• _Exercise directions_
As output, give the exact lines from the one containing "تیرگی و گودی زیر چشم" through the end of the listing below, both included, without the pictures.

• _Stored data_
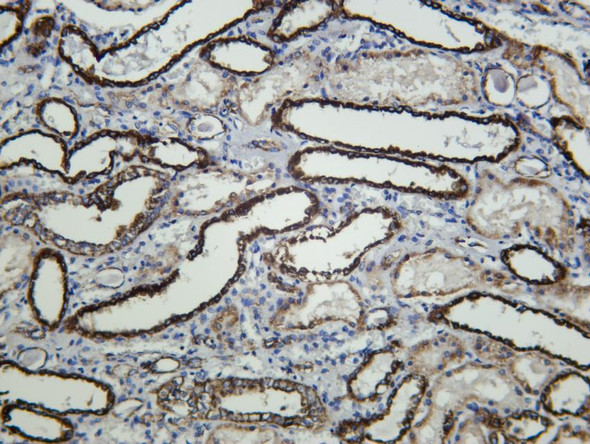 Recombinant SLC16A1 Monoclonal Antibody (AGEL6863)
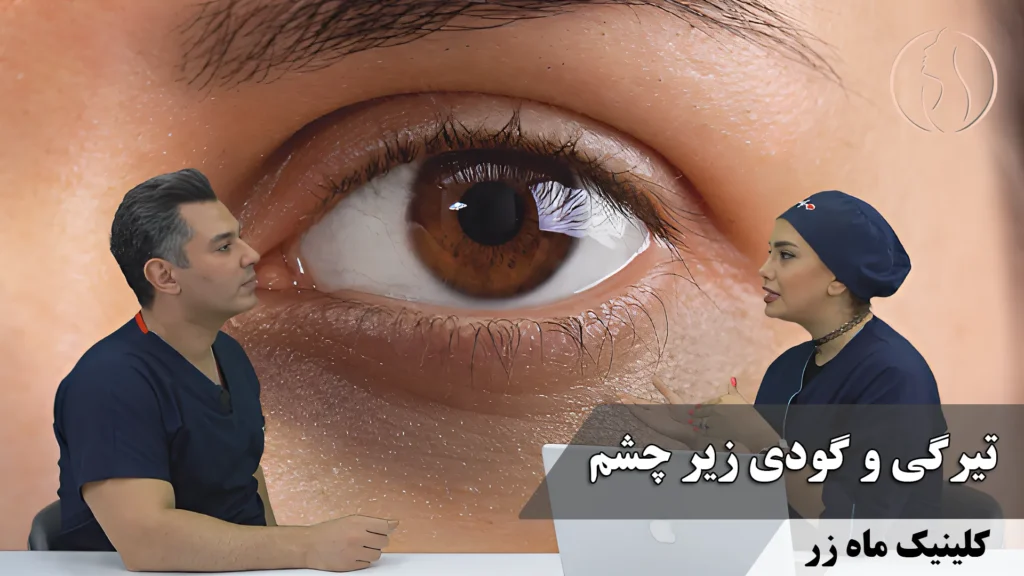 تیرگی و گودی زیر چشم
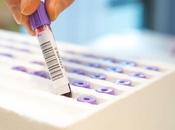ALZHEIMER Vers nouvelle thérapeutique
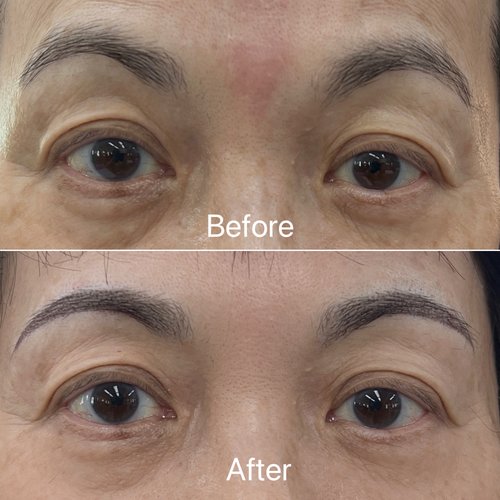 Brow before and after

• _Output of the exercise_
 تیرگی و گودی زیر چشم
ALZHEIMER Vers nouvelle thérapeutique
 Brow before and after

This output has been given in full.